From its monochrome pixel beginnings and the short-lived era of Flash, to the advent of CSS and the birth of flat design, find out how web design has evolved over the past 25 years.

With objective of finish the debating whether designers should learn code or developers should learn design, these GIFs sets some common ground on how design for the web evolved and how we could bridge the gap between code and design.

Check out the GIFs below…

The dark ages of web design (1989)

The beginning of web design was pretty dark, as screens were literally black and only few monochrome pixels lived therein.

Tables, The beginning (1995)

The birth of browsers that could display images was the first step into web design as we know it. The closest option available to structure information was the concept of tables and celds already existing in HTML.

JavaScript comes to the rescue (1995)

JavaScript was the answer to the limitations of HTML. For instance, need a popup window, want to dynamically modify the order of something? The answer was JavaScript.

Flash, The golden era of freedom (1996)

To break the limitations of existing web design, a technology was born that promised a freedom never seen before. The designer could design any shapes, layouts, animations, interactions, use any font and all this in one tool, Flash.

CSS, The styles (1998)

Around the same time as Flash, a better approach to structuring design from a technical standpoint was born: Cascading Style Sheets (CSS). The basic concept here is to separate content from the presentation. So the look and formatting are defined in CSS, but the content in HTML.

Mobile uprising  (2007)

Browsing the web on mobile phones was a whole challenge in itself. Besides all the different layouts for devices, it introduced content-parity problems, should the design be the same on the tiny screen or should it be stripped down? Where to put all the nice, blinking ads on that tiny screen? Speed was also an issue, as loading a lot of content burns your internet money pretty fast.

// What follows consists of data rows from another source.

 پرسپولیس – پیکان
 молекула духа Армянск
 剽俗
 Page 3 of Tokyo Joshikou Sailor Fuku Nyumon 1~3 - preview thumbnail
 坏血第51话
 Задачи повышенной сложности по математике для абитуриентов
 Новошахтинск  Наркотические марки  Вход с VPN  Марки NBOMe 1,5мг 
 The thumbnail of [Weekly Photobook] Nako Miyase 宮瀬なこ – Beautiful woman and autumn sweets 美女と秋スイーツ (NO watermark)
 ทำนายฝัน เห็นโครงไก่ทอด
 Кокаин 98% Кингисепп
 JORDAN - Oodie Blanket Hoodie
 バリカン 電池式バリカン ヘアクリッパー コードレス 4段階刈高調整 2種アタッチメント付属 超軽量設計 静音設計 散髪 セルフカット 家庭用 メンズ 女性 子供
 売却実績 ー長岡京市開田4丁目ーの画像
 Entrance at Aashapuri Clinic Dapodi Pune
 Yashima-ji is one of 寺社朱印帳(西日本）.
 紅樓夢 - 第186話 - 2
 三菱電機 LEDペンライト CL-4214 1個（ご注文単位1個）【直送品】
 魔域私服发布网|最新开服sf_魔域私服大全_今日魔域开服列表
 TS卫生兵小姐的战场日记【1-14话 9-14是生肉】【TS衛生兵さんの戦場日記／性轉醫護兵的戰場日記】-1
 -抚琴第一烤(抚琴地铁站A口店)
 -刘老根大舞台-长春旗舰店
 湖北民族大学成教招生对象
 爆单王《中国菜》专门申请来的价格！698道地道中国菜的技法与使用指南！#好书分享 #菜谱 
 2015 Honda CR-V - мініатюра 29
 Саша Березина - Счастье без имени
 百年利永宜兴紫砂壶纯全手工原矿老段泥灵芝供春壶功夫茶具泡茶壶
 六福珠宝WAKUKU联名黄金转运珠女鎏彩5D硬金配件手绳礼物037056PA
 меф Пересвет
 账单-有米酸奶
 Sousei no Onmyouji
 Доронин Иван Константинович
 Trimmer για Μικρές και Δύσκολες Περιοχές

Responsive web design (2010)

For a designer, responsive means mocking up multiple layouts. For the client, it means it works on the phone. For a developer, it is the way how images are served, download speeds, semantics, mobile/desktop first and more. The main benefit here is the content parity, meaning that it’s the same website that works everywhere.

Flat Design, The trendy (2010)

Fine photography, typography, sharp illustrations and thoughtful layouts is how we design now. Simplifying visual elements or so called Flat design is also part of the process. The main benefit here is that much more thought is being put into copy, into hierarchy of the message and content in general. Glossy buttons are replaced by icons and that allows us to use vector images and icon fonts.

The future (2015)

The holy grail of web design has been to actually make it visual and bring it into the browser. Imagine that designers simply move things around the screen and a clean code comes out! And I don’t mean changing the order of things, but having full flexibility and control! Imagine that developers don’t have to worry about browser compatibility and can focus on actual problem solving!. Say Hello to the future!.